» WHAT IS BEING ASKED: Copy each line in the data that includes the word "image".

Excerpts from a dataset
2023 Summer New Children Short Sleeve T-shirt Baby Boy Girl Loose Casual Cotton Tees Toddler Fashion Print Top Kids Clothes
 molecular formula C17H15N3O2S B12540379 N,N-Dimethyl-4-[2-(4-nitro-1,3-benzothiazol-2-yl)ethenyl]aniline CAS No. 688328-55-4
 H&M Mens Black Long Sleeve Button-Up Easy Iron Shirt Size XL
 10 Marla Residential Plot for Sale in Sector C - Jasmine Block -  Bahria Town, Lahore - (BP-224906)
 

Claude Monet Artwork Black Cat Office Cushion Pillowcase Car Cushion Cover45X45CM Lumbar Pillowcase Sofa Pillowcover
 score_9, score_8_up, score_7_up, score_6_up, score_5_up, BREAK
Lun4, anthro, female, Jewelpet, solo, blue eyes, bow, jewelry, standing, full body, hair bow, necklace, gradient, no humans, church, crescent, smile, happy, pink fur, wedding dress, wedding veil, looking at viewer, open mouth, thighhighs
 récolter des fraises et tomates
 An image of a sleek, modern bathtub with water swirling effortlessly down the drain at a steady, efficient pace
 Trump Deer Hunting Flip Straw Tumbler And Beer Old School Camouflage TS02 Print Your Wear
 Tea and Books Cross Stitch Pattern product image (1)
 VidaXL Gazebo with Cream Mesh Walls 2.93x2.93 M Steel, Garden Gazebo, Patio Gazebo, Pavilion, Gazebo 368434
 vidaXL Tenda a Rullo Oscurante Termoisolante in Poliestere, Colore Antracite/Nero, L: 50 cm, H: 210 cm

» PROBLEM SOLUTION:
 An image of a sleek, modern bathtub with water swirling effortlessly down the drain at a steady, efficient pace
 Tea and Books Cross Stitch Pattern product image (1)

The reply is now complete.